WHAT TO WORK ON: Each line of the entries that mentions the string "Black" needs to be reported.

=== Section Start ===

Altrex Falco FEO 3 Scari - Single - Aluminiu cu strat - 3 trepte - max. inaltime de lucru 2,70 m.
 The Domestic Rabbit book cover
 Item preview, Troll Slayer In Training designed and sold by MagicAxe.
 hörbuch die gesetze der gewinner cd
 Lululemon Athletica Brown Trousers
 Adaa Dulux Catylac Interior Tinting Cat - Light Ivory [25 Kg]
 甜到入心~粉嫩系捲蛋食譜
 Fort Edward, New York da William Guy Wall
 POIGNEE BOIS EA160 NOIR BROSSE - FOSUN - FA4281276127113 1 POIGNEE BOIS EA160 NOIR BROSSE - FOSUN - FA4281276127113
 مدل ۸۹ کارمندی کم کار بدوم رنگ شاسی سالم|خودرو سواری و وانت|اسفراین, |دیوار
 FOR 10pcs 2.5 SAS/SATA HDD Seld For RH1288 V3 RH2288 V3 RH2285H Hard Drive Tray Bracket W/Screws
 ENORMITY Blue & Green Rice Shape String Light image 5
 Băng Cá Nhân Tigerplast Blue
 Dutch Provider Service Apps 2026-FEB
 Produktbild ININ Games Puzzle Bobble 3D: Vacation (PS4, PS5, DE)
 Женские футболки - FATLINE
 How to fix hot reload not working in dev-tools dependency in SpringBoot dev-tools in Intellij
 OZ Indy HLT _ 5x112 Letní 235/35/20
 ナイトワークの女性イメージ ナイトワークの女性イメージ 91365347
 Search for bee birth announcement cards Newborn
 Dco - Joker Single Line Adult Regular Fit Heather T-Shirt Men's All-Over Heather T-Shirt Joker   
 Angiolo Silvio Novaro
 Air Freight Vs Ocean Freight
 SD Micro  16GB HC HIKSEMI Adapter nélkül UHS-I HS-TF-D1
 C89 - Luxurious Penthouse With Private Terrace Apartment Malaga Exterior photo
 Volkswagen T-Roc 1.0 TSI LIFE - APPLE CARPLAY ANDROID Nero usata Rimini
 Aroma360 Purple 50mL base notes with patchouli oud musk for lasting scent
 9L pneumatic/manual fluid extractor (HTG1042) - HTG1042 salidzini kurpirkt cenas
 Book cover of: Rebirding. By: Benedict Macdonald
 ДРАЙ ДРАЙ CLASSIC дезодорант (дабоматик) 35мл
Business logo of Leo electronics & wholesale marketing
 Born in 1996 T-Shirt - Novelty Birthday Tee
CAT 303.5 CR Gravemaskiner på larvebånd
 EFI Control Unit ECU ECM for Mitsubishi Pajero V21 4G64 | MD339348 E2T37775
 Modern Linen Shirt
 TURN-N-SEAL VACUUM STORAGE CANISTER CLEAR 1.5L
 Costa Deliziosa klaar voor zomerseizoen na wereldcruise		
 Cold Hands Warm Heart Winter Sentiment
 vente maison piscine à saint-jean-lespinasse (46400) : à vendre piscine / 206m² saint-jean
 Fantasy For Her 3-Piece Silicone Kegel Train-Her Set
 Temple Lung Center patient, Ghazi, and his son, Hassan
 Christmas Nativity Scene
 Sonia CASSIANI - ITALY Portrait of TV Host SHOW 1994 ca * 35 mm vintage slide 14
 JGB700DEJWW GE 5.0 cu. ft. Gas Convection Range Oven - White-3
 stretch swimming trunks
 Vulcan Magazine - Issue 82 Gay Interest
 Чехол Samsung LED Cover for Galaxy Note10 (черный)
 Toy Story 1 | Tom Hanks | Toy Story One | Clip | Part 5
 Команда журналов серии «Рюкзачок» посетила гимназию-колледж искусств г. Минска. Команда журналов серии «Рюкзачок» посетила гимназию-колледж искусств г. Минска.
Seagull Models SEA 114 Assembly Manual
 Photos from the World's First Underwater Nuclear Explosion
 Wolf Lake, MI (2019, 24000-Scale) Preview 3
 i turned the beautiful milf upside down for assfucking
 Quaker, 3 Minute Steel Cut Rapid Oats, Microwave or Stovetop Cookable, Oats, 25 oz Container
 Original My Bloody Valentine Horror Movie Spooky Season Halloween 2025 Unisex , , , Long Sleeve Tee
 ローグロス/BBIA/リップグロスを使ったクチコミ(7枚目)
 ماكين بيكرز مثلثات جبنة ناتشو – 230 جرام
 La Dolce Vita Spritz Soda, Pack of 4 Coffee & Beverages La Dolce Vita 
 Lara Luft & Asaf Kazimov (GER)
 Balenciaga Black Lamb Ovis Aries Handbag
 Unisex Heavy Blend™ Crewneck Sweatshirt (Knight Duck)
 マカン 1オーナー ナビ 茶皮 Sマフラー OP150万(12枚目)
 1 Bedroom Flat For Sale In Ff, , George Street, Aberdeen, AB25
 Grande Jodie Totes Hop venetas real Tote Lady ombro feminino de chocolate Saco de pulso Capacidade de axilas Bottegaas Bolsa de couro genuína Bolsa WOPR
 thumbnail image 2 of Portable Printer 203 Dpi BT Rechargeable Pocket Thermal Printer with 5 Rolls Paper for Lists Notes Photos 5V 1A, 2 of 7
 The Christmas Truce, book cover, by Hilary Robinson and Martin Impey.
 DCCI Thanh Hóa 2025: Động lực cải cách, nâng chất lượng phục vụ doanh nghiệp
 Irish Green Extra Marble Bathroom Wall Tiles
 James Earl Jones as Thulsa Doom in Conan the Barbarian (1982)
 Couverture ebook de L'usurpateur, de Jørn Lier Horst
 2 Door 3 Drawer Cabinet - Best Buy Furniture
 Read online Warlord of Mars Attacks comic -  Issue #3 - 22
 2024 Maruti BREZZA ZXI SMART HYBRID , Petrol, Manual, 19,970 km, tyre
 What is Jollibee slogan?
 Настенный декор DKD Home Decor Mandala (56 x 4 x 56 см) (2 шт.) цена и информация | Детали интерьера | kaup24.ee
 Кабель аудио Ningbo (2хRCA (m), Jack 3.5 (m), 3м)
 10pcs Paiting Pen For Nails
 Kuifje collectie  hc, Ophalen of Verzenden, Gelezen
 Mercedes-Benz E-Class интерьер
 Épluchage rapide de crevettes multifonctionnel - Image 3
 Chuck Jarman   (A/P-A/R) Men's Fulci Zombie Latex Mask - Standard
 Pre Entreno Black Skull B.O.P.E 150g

=== Section End ===

RESPONSE TO THIS EXERCISE:
 Balenciaga Black Lamb Ovis Aries Handbag
 Pre Entreno Black Skull B.O.P.E 150g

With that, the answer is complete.